Yak fisher’s marine park incident

Late last week Fishing World‘s bluewater kayak fishing columnist Dan Bode became embroiled in a heated and potentially dangerous situation involving Marine Park Authority officers.

Bode told Fisho that on Thursday February 11 he was fishing within a permitted Habitat Protection Zone inside Cape Byron Marine Park (CBMP) when approached by MPA rangers and a NSW Fisheries officer. The officers then proceeded to marshal Bode’s kayak and accuse him of fishing inside a Sanctuary Zone.

Bode says the accusation forced him to prove his innocence or risk a $500 fine.

“By predetermining my guilt based on a series of arbitrary visual waypoints to back a verbal accusation of zone encroachment, the officers could not feasibly encourage my enjoyment, appreciation and understanding of the marine park.

What transpired was a circus of fear and harassment that continued for up to twenty minutes”.

According to Bode he was directed by the Fisheries officer onboard the MPA marked dinghy to make his kayak immediately available for inspection.

“The Fisheries officer couldn’t tell me how he proposed to inspect my kayak but insisted on an inspection. To make my kayak immediately available, I voluntarily dismounted in the middle of the ocean, pushed my craft towards the officers on the MPA dinghy and risked my own life in the name of Fisheries compliance.
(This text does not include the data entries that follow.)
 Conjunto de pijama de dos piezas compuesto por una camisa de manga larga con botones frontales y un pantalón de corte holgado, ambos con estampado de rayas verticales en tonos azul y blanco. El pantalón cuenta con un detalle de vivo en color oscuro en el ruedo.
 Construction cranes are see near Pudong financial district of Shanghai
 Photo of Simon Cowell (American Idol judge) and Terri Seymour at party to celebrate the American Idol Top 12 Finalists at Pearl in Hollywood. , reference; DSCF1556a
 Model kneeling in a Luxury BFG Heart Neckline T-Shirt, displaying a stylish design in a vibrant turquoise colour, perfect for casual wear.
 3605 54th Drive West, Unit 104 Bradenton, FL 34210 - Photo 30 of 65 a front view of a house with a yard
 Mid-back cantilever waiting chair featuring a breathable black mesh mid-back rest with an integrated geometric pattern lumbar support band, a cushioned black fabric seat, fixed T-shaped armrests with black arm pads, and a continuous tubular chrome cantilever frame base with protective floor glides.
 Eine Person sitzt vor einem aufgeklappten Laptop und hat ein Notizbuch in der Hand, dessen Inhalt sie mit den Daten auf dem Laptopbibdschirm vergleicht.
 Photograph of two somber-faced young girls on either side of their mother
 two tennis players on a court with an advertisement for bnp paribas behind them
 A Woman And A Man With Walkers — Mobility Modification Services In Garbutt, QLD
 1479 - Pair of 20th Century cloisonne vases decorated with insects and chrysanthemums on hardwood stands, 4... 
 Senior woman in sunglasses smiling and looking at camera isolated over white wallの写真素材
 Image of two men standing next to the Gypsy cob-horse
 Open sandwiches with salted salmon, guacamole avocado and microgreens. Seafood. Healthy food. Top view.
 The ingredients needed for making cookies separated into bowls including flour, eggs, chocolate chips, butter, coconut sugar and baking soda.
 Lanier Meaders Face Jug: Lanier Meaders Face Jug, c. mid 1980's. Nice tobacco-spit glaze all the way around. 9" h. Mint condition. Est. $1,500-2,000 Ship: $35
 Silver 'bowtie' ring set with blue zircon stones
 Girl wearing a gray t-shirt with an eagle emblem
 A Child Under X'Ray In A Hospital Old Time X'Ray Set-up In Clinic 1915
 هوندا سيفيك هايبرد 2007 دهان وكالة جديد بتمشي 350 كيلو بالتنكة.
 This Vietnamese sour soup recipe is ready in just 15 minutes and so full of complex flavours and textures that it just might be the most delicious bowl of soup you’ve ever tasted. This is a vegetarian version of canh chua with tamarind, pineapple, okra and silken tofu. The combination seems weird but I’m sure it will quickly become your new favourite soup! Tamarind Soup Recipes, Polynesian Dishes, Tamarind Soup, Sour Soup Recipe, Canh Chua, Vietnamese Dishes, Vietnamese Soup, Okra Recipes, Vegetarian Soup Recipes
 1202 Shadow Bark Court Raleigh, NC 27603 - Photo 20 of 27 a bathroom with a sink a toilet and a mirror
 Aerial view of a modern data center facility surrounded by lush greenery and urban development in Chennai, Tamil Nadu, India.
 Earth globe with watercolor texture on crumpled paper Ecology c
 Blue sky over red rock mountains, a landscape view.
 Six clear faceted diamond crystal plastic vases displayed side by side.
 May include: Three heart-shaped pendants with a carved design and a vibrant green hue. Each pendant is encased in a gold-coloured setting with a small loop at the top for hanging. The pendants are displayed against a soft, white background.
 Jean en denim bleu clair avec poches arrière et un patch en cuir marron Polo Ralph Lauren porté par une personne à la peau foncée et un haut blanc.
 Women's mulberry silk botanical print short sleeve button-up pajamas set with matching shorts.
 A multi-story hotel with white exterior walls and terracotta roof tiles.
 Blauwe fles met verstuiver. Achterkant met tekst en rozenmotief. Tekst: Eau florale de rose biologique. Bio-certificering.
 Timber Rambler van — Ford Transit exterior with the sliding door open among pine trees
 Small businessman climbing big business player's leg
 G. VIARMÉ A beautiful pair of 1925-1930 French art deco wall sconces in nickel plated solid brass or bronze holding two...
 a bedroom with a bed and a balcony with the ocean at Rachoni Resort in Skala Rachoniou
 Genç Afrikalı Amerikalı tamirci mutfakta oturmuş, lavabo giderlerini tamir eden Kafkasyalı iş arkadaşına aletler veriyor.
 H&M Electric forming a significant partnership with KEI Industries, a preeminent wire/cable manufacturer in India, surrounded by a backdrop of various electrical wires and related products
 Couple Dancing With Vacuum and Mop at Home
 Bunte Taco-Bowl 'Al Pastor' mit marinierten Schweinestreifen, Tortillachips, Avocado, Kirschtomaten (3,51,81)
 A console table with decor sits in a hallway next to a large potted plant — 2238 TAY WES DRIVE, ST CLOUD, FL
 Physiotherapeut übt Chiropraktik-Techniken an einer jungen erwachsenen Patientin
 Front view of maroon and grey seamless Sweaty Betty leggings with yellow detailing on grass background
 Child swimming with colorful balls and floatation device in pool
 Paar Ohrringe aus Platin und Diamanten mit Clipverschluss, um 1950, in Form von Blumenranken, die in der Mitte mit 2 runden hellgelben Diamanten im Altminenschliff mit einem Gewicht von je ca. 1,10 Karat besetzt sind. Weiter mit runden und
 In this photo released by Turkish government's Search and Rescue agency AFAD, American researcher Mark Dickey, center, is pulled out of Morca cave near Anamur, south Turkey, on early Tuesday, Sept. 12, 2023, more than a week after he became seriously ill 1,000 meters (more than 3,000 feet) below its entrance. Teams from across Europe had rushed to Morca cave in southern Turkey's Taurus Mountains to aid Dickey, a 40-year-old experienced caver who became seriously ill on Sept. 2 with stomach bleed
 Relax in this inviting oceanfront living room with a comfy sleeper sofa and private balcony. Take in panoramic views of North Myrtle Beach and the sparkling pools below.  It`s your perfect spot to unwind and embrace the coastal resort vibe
After a couple of seconds in the water, fear set in. I was on my own in lumpy seas with no immediate offer of direction or support coming from either of the officers”.

Bode says he was left treading water, more than one kilometre from the closest land mass for a period of up to a minute.

After being instructed to reboard his fishing vessel, the kayaker’s innocence regarding marine park boundaries continued to be questioned by the MPA Ranger. Bode says he then referenced his GPS unit for verification of his travelled route.

“When I viewed the onscreen display, I had proof positive that I was fishing legally at all times. My GPS proved that the Rangers’ visual markers were up to 30 metres wayward of a $500 fine and a certain public prosecution”.

Bode believes that the placement of only a single marker buoy to designate the park’s Habitat Protection Zone borders is to blame for such inaccurate zoning determinations, and led to this incident.

When contacted spokeswoman for the Cape Byron Marine Park, Tonia Liosatos, told Fisho “Marine Park rangers routinely approach fishers to check for their catch and bag size limit, most park users are happy to comply with these routine inquiries”.

Fisho has also asked NSW Industry & Investment to comment on the matter and has been promised an official response as soon as possible.

Dan Bode says he will now lodge formal complaints with all relevant Ministers, the NSW MPA, NSW Fisheries and the NSW Premier.